Questionado quanto ao quadro actual do sector nos países membros da associação, confessou que o mesmo é pouco animador devido à ausência de investimentos por parte da maioria dos respectivos governos.
O relançamento da produção, considerou, exige grandes investimentos, indispensáveis à reposição dos níveis anteriores à crise.
Diogo de Carvalho considera o aval recebido pelo Zimbabwe da parte de um organismo internacional de supervisão do comércio de diamantes com o objectivo de permitir-lhe comercializar as suas pedras preciosas, uma decisão importante, na medida em que possibilitará obter mais receitas para fazer face a uma situação económica débil.
O Zimbabwe, recorde-se, estava submetido a um embargo pelo Processo de Kimberley, um órgão de supervisão da comercialização de diamantes, devido a acusações de prática de tráfico, em larga escala, do precioso mineral por parte de altos dirigentes.

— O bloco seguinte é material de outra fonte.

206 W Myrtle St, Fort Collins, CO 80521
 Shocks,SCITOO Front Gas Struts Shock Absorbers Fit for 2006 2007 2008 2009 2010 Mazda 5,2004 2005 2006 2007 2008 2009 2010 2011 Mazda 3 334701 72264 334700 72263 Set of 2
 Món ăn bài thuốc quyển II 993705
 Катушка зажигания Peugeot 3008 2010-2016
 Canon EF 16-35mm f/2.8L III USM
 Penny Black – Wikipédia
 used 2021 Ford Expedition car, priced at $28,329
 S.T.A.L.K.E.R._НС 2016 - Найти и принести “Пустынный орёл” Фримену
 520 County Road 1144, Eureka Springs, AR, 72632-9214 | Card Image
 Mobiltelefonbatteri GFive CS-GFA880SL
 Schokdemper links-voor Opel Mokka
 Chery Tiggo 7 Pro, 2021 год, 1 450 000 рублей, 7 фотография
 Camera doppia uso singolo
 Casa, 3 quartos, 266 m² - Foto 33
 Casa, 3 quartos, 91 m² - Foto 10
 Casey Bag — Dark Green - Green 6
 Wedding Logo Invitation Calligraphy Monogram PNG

Os países produtores de diamantes conseguiram, à luz do Processo Kimberley, estabelecer um canal único de comercialização da pedra preciosa, consubstanciado na implementação do critério de certificação, expulsando assim do mercado oficial a venda de diamantes para fins ilícitos.
No conselho de ministros da ADPA estará igualmente em análise a regularização das quotas por parte dos membros da organização. Angola é, registe-se, dos poucos países que têm a sua quota em dia.
“Vamos apresentar e propor um novo modelo de quotização face à dificuldade dos países membros em cumprir o seu dever no que respeita à quotização. Esperamos que novo modelo seja aprovado a bem dos princípios que presidiram à criação da ADPA”, sublinhou Diogo de Carvalho. Angola, que participa nesta reunião da ADPA com um delegação chefiada pelo ministro da Indústria, Joaquim David, a qual integra ainda o secretário de Estado da Geologia e Minas, Mankenda Ambroise, e técnicos do sector, vai proceder à transferência da presidência do conselho de ministros da ADPA para a África do Sul, que a exercerá nos próximos quatro anos.